Raw data:
■ ■ ■ ■ ■ ■ ■
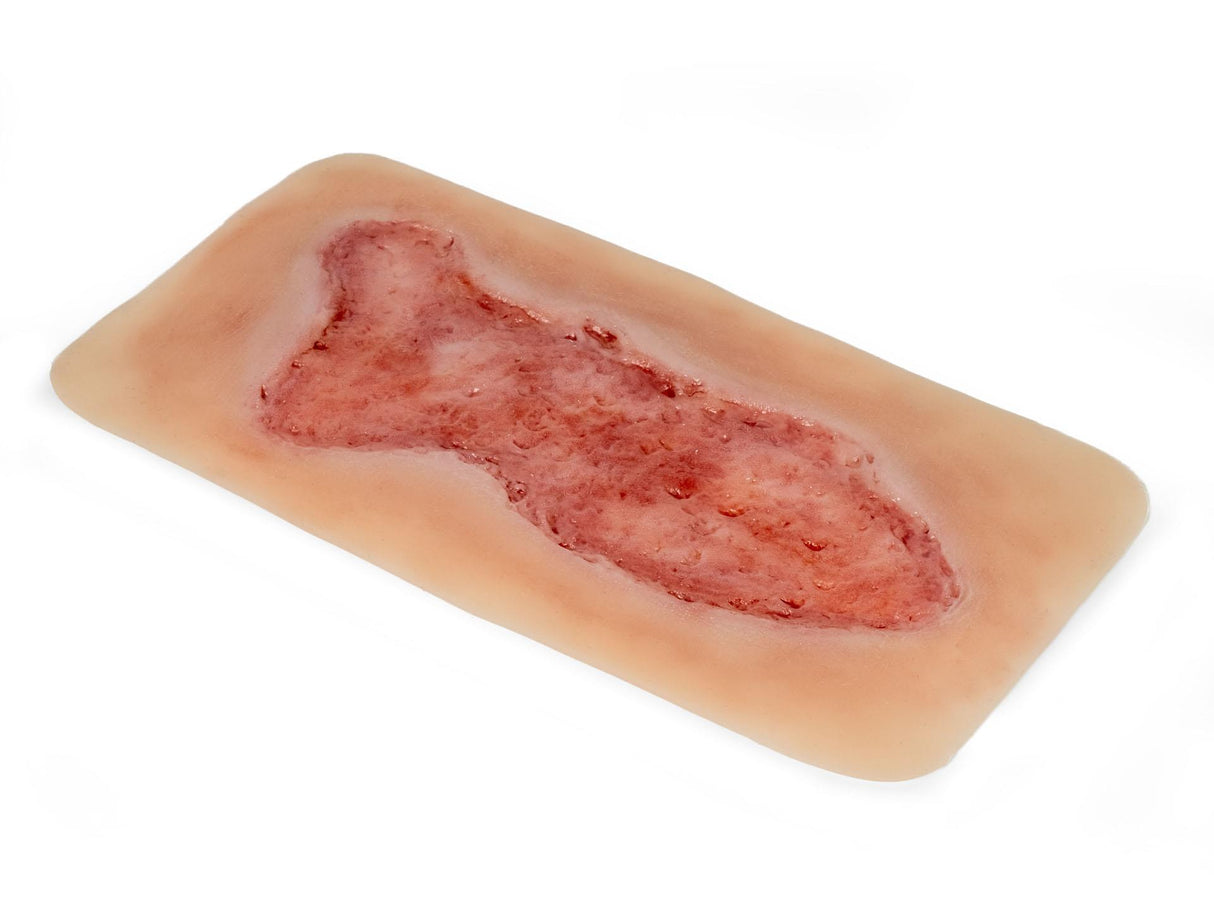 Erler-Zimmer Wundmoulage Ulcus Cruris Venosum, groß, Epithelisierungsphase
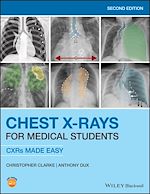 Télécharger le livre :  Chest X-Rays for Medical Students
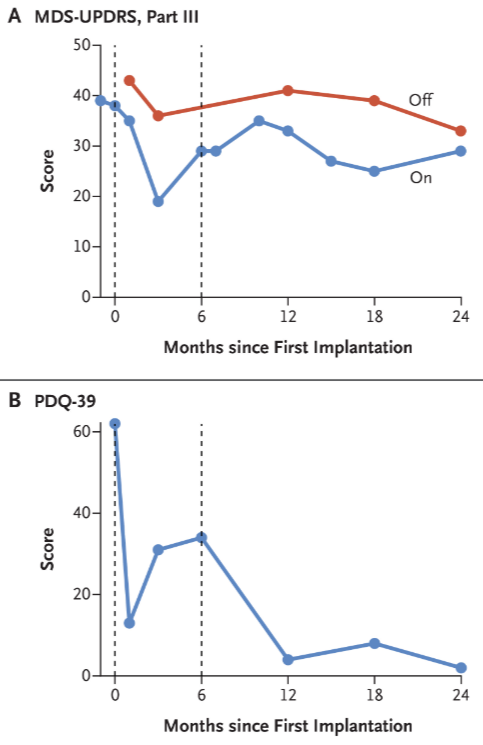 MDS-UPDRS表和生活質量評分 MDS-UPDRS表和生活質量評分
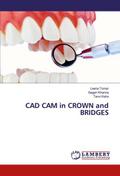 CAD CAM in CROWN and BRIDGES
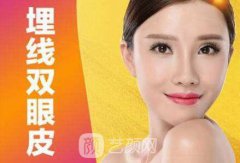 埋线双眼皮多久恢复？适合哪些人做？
■ ■ ■ ■ ■ ■ ■
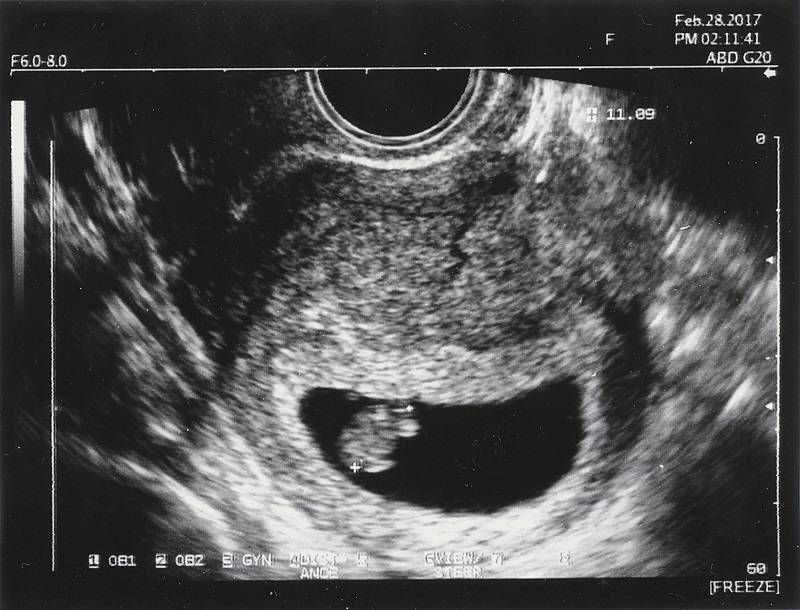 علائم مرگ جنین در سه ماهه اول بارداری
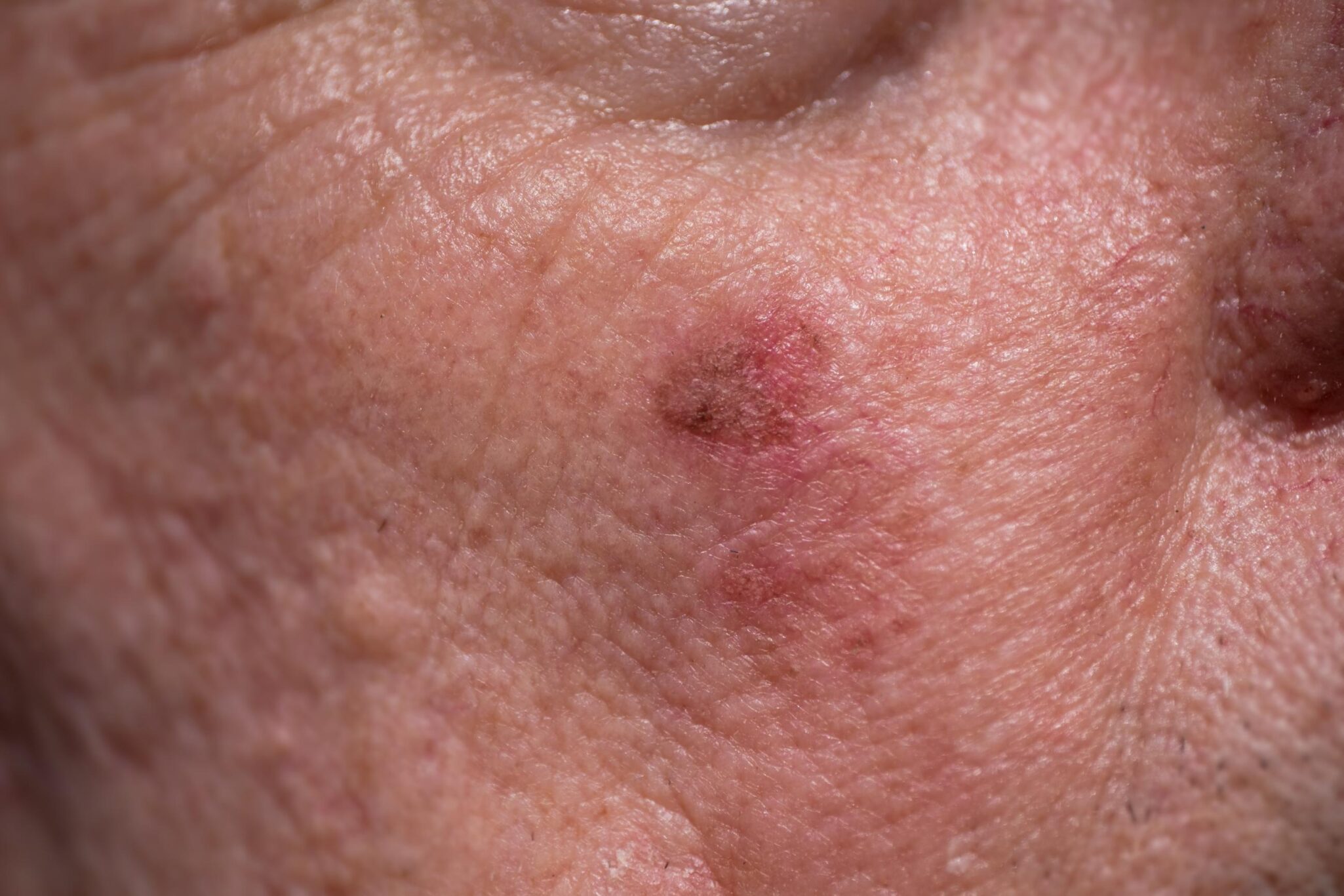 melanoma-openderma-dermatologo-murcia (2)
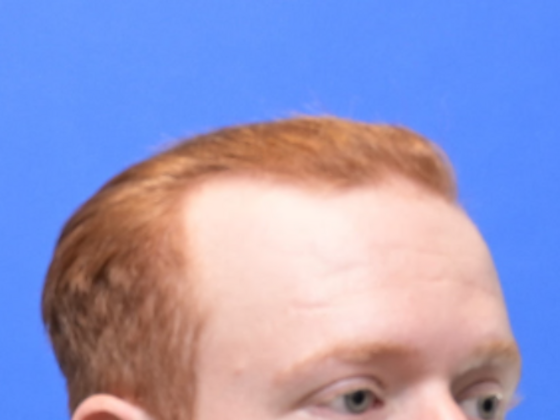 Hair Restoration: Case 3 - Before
■ ■ ■ ■ ■ ■ ■
Aim of the task: With the pictures omitted, copy the entries above exactly from the line containing "Erler-Zimmer Wundmoulage Ulcus" through the line containing "埋线双眼皮多久恢复？适合哪些人做？", both lines included.

Answer to the exercise:
 Erler-Zimmer Wundmoulage Ulcus Cruris Venosum, groß, Epithelisierungsphase
 Télécharger le livre :  Chest X-Rays for Medical Students
 MDS-UPDRS表和生活質量評分 MDS-UPDRS表和生活質量評分
 CAD CAM in CROWN and BRIDGES
 埋线双眼皮多久恢复？适合哪些人做？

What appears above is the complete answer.